But maybe you can consider things from an outsiders point of view.
(As far as hurting your daughter) It certianly wasn't done on purpose. She may have felt terrible that she did get hurt...but tried to look on the brightside....of...well...she doesn't look like she got hurt REALLY bad ...so she'll be ok. Some people really baby kids over the tiniest bump....others are more likely to say..."hey look...your not bleeding...your fine...get up and be tough" neither is right or wrong...but just as you said....DIFFERENT!!!
(As far as your husband) You've already said she likes to be the center of attention...and has lots of friends who are boys. It sounds like she is drawn to those sorts of comments and behaviour regardless of wether it is your husband or not. But it may go even deeper with your husband. She choose you and your husband because she saw in you guys the relationship she wanted for her child. A relationship she probably wished she had with her father or parents. She also sees how lucky you are to have a husband who in her mind is probably the ultimate...wonderful husband and father. Of course she loves him and is infatuated with him a bit.

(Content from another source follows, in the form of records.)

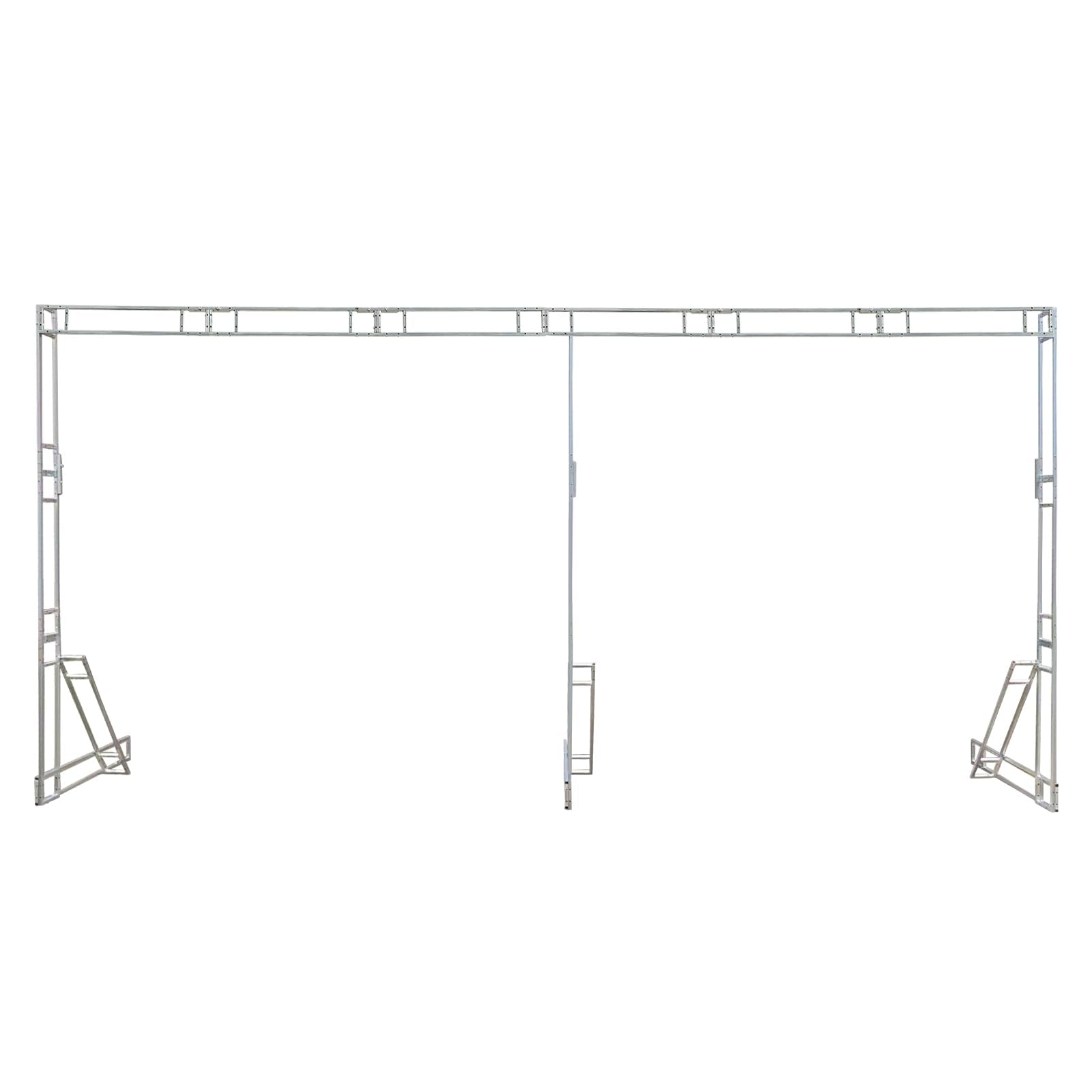 Wupyi Professional Backdrop Stand Kit,10'X 20' Heavy Duty Background Support System Curtain Frame Metal Stand For Wedding Party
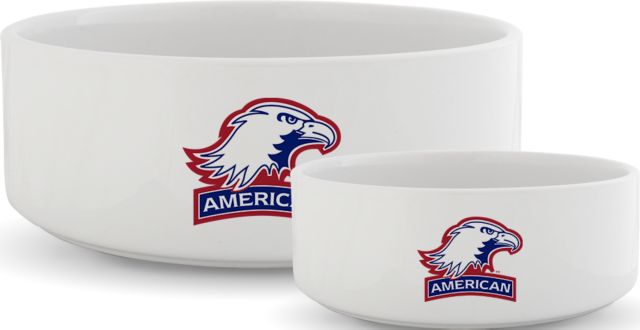 American University Ceramic Dog Bowl  - ONLINE ONLY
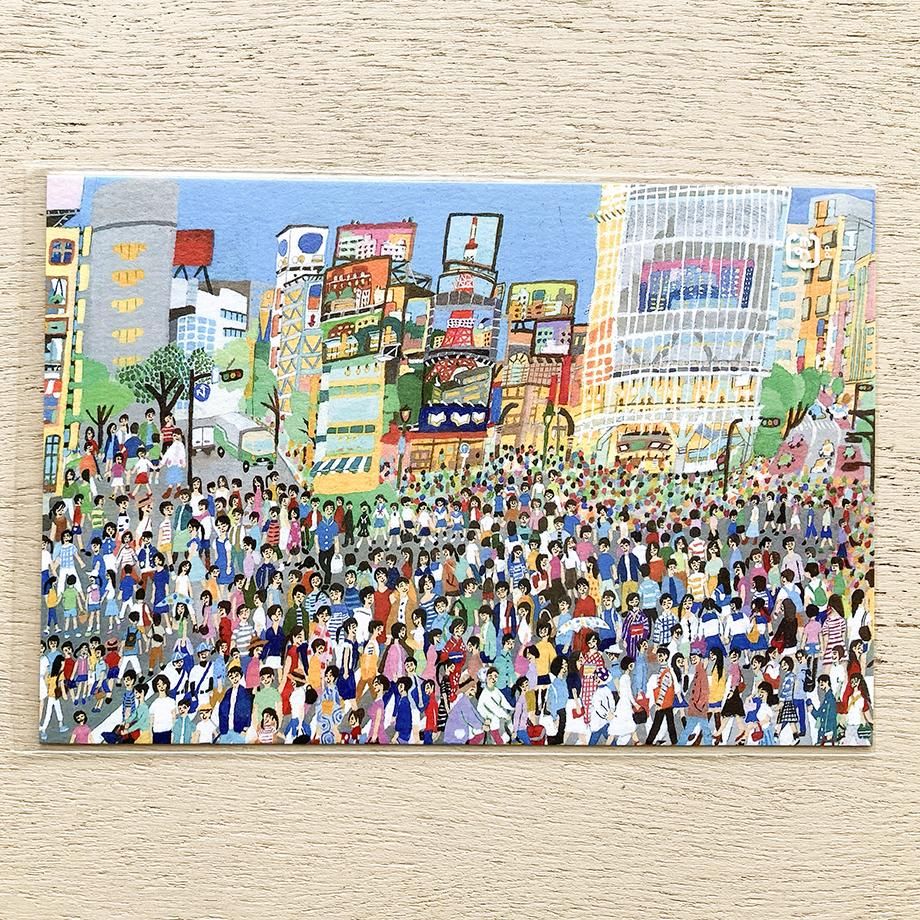 沖野愛 東京はがき 《渋谷スクランブル交差点》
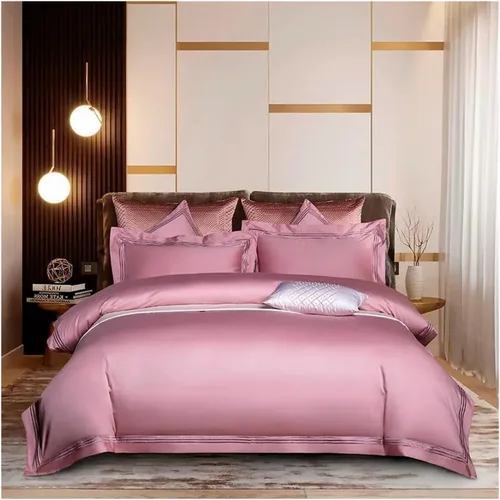 Vista 7 de Juego de ropa de cama de algodón egipcio de 1000 hilos, 4/6 piezas, tamaño doble, queen, king, bordado, funda de edredón, sábana, funda de almohada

Hopefully she will take what she has seen(between you and your husband)...and find herself a husband that is equally as wonderful and charming. On the other hand i can see where you might feel some insecurity.
Our daughters birthmom is gorgeous and skinny and sometimes in the back of my thoughts i think....maybe my husband would have been happier with her....because she is so beautiful and gave birth to our beautiful daughter. I know that may seem crazy. But that is my own insequrities regarding my weight or my little imperfections...or my infertility....it really has nothing to do with the birthmom. That's where I need to stand up and realize how special and important I am , and feel secure in my relationship. But that's not to say their should be limits. If she makes comments that aren't appropriate that needs to be pointed out to her. If she is overly physical with your husband you need to not only talk to her about it but also your husband.
I hope everything gets worked out so you can continue to have contact....maybe you should focus on more written contact or phone contact for a while....until you aren't so upset about the situation...it would give you some time to, work out your own feelings and look at the big picture. Good Luck!!!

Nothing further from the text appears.